Log-structured storage

This morning I’m reading Designing data-intensive applications by Martin Kleppmann.

I’m only a couple chapters in, but it’s already definitely the best thing about databases I’ve ever read. It’s doing an amazing job of

introducing totally new-to-me concepts (like “log-structured storage”)
explaining what terms like “ACID” mean in a rigorous and clear way (turns out that the “C” in ACID stands for “consistency”, but has nothing to do with either linearizability or “eventual consistency”, it’s actually about maintaining application-level invariants. It’s really helpful to know that there are actually 5 completely unrelated uses of the word “consistency” when talking about databases). He’s also very up front about “this word is used very inconsistently in practice, be careful!”
explaining how the concepts in the book relate to real-world databases like PostgreSQL, MySQL, Redis, Cassandra, and many many more
giving references (just the first chapter on storage engines has 65 amazing-looking references), if you want to learn more and go deeper

I often find blog posts/papers on databases difficult because there’s so much terminology+concepts, and this book introduces concepts in a way that I can relate back to my actual experiences with using databases in practice. Now I feel more like I can use this to read database documentation and understand what’s going on!
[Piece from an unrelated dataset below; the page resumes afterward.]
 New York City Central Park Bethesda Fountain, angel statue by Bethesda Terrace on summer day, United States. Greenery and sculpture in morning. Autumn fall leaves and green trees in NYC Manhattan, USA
For example here’s a comic summary of the explanation of ACID he gives (which I loved, I seriously thought atomicity in databases was the same idea as atomicity in concurrent programs like an “atomic instruction” and it’s a TOTALLY DIFFERENT THING).

But! Raving about this book aside (for now), let’s talk about a new idea I learned this morning from it, log-structured storage!

log-structured storage: the simplest database

This chapter starts by describing the “world’s simplest database”: these 2 bash functions (save it to a file db.sh and run source db.sh to install it!)

#!/bin/bash

db_set() {
    echo "$1,$2" >> database
}

db_get() {
    grep "^$1," database | sed -e "s/^$1,//" | tail -n 1
}

Basically this appends to a text file (called database) every time you write, and greps that text file for the latest update every time you read. I tried it! This is a totally functional database :)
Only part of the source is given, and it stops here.